High Court upholds Senate voting reforms
Day v Australian Electoral Officer for the State of South Australia  HCA 20
In a unanimous judgment the High Court upheld the constitutional validity of Senate voting reforms designed to put an end to preference deals
The amendments to the Commonwealth Electoral Act 1918 (Cth), introduced in March 2016, changed the Senate ballot paper and the process for marking it. The amendments were designed to put an end to preference-swapping deals that had resulted in the election of senators from “micro parties” who held only a fraction of the popular vote. In proceedings brought in the original jurisdiction of the High Court, South Australian Senator Bob Day and Tasmanian Senate candidate Peter Madden, both from the Family First party, alleged that the amendments offended various constitutional requirements, including that they prescribed more than one method for choosing senators, contrary to s 9, and offended the requirement in s 7 that senators be “directly chosen by the people of the State”.

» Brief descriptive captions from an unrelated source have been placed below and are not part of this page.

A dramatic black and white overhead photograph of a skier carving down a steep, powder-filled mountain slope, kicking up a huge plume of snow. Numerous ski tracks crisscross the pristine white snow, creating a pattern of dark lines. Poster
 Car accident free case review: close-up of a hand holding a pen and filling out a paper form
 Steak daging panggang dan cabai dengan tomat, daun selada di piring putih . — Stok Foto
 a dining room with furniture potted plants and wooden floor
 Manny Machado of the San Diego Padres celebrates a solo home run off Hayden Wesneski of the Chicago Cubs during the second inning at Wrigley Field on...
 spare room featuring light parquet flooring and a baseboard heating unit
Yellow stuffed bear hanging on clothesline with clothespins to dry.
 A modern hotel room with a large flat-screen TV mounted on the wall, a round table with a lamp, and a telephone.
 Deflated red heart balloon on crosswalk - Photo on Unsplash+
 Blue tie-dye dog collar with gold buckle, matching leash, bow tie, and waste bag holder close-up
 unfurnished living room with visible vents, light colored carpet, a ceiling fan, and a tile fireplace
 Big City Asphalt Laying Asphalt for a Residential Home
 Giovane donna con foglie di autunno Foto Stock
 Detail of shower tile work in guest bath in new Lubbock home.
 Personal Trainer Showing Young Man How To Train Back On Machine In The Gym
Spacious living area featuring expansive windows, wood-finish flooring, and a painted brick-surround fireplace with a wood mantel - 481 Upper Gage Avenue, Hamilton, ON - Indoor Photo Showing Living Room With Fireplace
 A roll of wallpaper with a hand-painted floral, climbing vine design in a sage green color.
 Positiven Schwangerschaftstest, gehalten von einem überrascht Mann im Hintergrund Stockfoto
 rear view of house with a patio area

The amendments abolished group voting tickets, which had allowed parties to determine the allocation of preferences for voters who voted above the line. Instead of marking only one square above the line, voters choosing to vote above the line must now mark at least 6 squares; their preferences will then be allocated sequentially to the group of candidates appearing below the line in the order in which they appear. Voters choosing to vote below the line must now allocate their preferences to at least 12 candidates, rather than marking every square. Vote-saving provisions allow a ballot with one square marked above the line or at least six squares numbered consecutively below the line to be counted as a formal vote.
The amendments were said to offend ss 7 and 9 of the Constitution in two respects:
- first, by requiring voters to choose between two “methods” of voting – one above the line and one below the line – contrary to the power in s 9 to prescribe “the method” of choosing senators.
- second, by interposing an intermediary– the political party– between the voter and the individual candidates below the line, offending the requirement in s 7 that Senators be “directly chosen” by the people.
The High Court rejected each of those arguments. The Court began by contextualising the amendments as “the latest episode in an historical evolution” of voting methods since Federation. Against that background, the Court held that above and below the line voting options did not create more than one method of choosing senators; “method” is to be construed broadly and allows for more than one way of indicating elector choice within a single uniform system. The Court characterised the plaintiffs’ arguments as a “pointlessly formal constraint” which had nothing to do with the section’s evident purpose of ensuring the method of choosing senators was uniform across the states. The Court also described the plaintiffs’ arguments in relation to s 9 as untenable, holding that above the line voting is a direct vote for the candidates appearing beneath that square below the line – and that it is as much a direct vote as allocating preferences below the line.
The plaintiffs also argued that a principle of “direct proportionality” – said to be derived from s 7, read with ss 24 and 128 of Constitution – required that all electors have their votes reflected in the election of candidates. Essentially the plaintiffs contended that voters who wish to vote for minor parties will be “disenfranchised” because their vote, if their preferences exhaust, will not go on to elect any candidate. The Court rejected the argument that there was such a principle to be infringed or any disenfranchisement in the effect of the amendments.
The plaintiffs made other more general arguments that the amendments infringed the implied freedom of political communication by misleading voters about their voting options, and otherwise impaired that freedom and the principle of representative government, each of which the Court rejected.